# Never surrender and enjoy!



## misstralala (Aug 1, 2016)

Hi everyone. 
I wonder I would like to have a thread and journal for my horse just arriving in US. He is 11 years-old.

From start, I got him when he was 2-years-old, never manipulated by humans. Even worst: When I visited him for the first time, he was really cute, but when he came to home he was truly dangerous and aggressive! 
Roméo is a really smart horse, but when he feels assaulted, even a little bit, he becomes very aggressive: he weight 500kg (~ 1100 lb) and he knows it! 

By the way, when he arrived, I started him.
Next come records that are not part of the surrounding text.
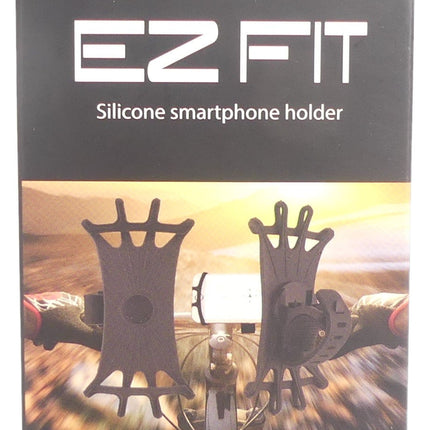 Edge EZ Fit Phone Holder - 360° - Silicone - Black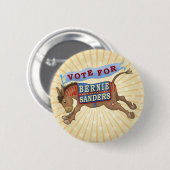 Badge Rond 5 Cm Âne 2020 de président Démocrate de ponceuses de (Devant & derrière)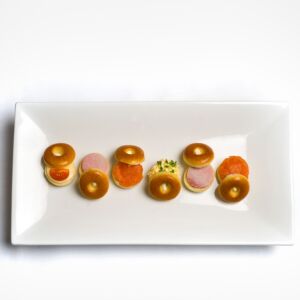 VIP Canape Selection of Closed Breakfast Bagels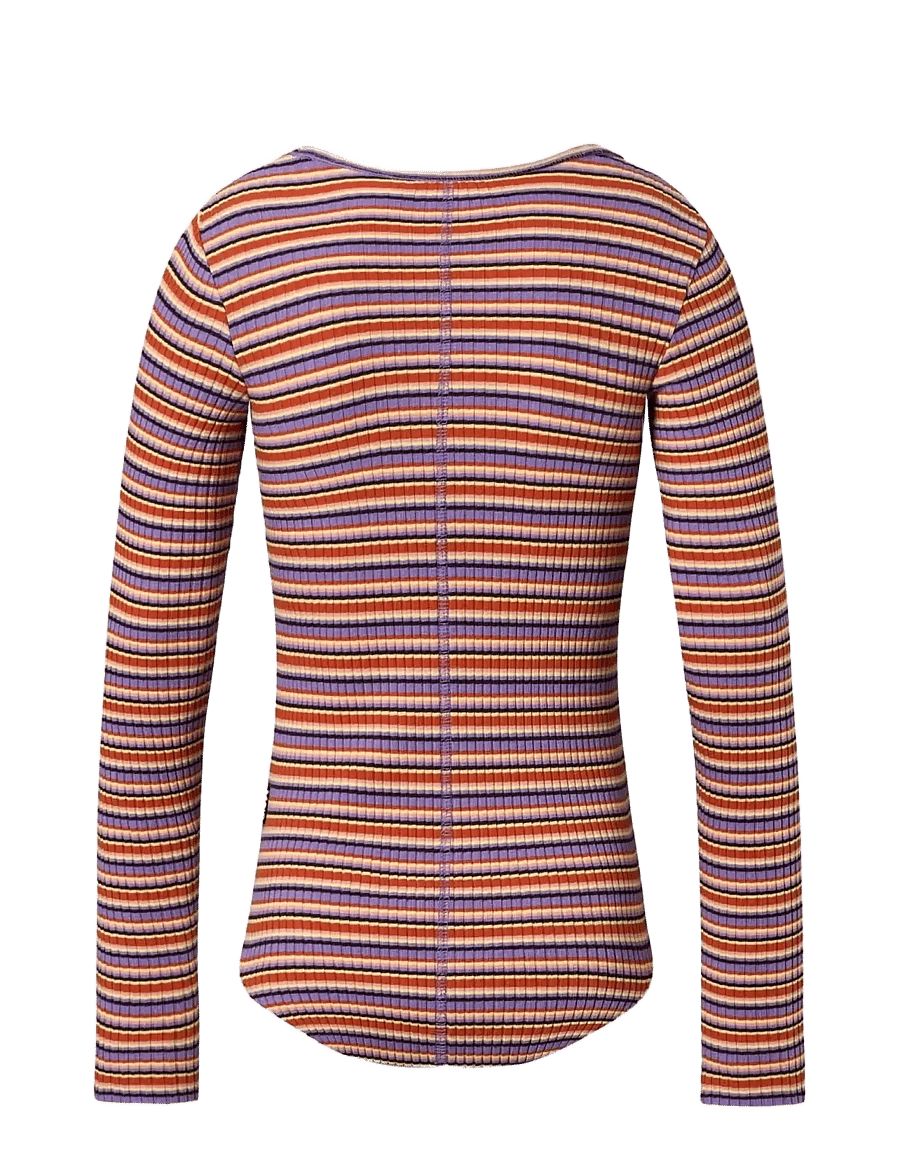 Molo - Rochelle - långärmade t-shirts - purple flame stripe - 1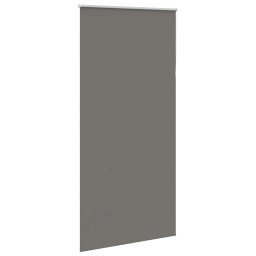 vidaXL Rolgordijn verduisterend 115x210 cm stofbreedte 110,7 cm grijs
In the end, he was so nice when riding, but so mean when we were by feet in his field! He was with another horse, a cute mare, but he clearly was the dominant. 
I had some problems with him, because he is really fine and reactive, but I resolved all of them by myself, even if I had a "mentor" (my mom's trainer who came only once, the first riding lesson...). Riding him has always been a pleasure, but his ground personality was extreme. 
How many times I heard "you should sell him, he is too dangerous, no-one would like to have a horse like that, he will go to the butchery..."... ? I don't know.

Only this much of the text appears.